While the presence of these abnormalities would not be inferred from the AI-enabled ECG algorithm alone, the risk estimate provided by AI-enabled ECG allows for identification of patients at higher risk for displaying these abnormalities, which can then be used by clinicians to guide further evaluation using advanced imaging and hemodynamic assessments. AI-enabled ECG assessment may also be useful as an entry criterion for clinical trials, to enrich the population with patients that display more LA dysfunction and are at greater risk for developing AF. Low-grade mitral and tricuspid valve regurgitation also increased with higher AI-enabled AF probability. Importantly, in these patients, the regurgitation was due to functional etiologies rather than structural disease. A recent study has shown that functional mitral valve regurgitation in HFpEF is due to atrial rather than ventricular disease, which is yet another reflection of LA myopathy, even in the absence of AF.⁷ Tricuspid valve regurgitation is also caused by both right atrial and ventricular remodeling, as well as right ventricular dysfunction that develops secondary to pulmonary hypertension with progressive LA myopathy.⁵

Clinical implications

Applying AI-enabled ECG analysis in a systematic way to patients with HFpEF could result in earlier identification of patients with LA myopathy at high risk for AF and for development of pulmonary hypertension and right heart failure, which develop frequently secondary to LA dysfunction.^{5, 11, 20, 21} As most patients with HFpEF fulfil guideline criteria of elevated thromboembolic risk (for whom initiation of oral anticoagulation is indicated) this could have major therapeutic consequences.

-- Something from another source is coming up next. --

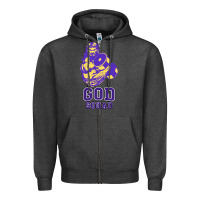 Charcoal Heather kelvins god squad strong Zipper Hoodie - linhVisuals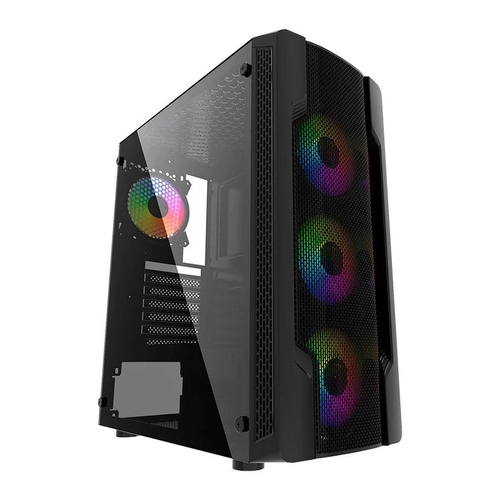 Gabinete Bluecase BG-031 Preto C/ FAN - BG-031BX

Data from the current study suggest that in patients with HFpEF but no prior history of AF, 1 in 4 with an AI-predicted AF probability score >50% will develop AF within 16 months. Patients with such a high event rate would be an ideal population to enroll in clinical trials, such as those testing direct oral anticoagulants to reduce risk of stroke, or other interventions to reduce incident AF.

Based upon the current data and evidence from prior studies, it seems likely that many patients with HFpEF and sinus rhythm, but high AI-probability scores may have occult AF.^{5, 9} Further study is warranted to determine whether novel approaches using implantable or wearable recorders can enhance AF detection and improve outcomes in this high-risk cohort.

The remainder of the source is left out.